===== EXCERPTED RECORDS
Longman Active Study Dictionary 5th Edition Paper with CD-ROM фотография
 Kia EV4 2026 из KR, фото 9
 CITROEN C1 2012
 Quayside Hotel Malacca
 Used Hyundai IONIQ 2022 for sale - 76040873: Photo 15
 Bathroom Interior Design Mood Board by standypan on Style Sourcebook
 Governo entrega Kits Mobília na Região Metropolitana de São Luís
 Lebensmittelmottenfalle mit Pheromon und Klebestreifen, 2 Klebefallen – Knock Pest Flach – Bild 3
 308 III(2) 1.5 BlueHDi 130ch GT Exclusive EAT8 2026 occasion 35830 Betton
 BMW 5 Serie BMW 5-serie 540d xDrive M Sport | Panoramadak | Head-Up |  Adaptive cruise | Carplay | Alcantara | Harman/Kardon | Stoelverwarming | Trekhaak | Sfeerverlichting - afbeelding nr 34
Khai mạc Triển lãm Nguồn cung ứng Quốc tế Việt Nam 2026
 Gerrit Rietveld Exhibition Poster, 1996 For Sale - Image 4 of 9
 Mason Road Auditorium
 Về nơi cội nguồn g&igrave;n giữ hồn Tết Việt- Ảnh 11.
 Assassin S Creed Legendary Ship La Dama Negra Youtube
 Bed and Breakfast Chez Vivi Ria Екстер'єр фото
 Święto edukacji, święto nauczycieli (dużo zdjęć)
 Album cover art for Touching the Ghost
==========
- WHAT TO WORK ON -
Nothing but the lines from the one with "Bathroom Interior Design" through the end of the data above should be repeated, each exactly as it stands.

- TASK OUTPUT -
 Bathroom Interior Design Mood Board by standypan on Style Sourcebook
 Governo entrega Kits Mobília na Região Metropolitana de São Luís
 Lebensmittelmottenfalle mit Pheromon und Klebestreifen, 2 Klebefallen – Knock Pest Flach – Bild 3
 308 III(2) 1.5 BlueHDi 130ch GT Exclusive EAT8 2026 occasion 35830 Betton
 BMW 5 Serie BMW 5-serie 540d xDrive M Sport | Panoramadak | Head-Up |  Adaptive cruise | Carplay | Alcantara | Harman/Kardon | Stoelverwarming | Trekhaak | Sfeerverlichting - afbeelding nr 34
Khai mạc Triển lãm Nguồn cung ứng Quốc tế Việt Nam 2026
 Gerrit Rietveld Exhibition Poster, 1996 For Sale - Image 4 of 9
 Mason Road Auditorium
 Về nơi cội nguồn g&igrave;n giữ hồn Tết Việt- Ảnh 11.
 Assassin S Creed Legendary Ship La Dama Negra Youtube
 Bed and Breakfast Chez Vivi Ria Екстер'єр фото
 Święto edukacji, święto nauczycieli (dużo zdjęć)
 Album cover art for Touching the Ghost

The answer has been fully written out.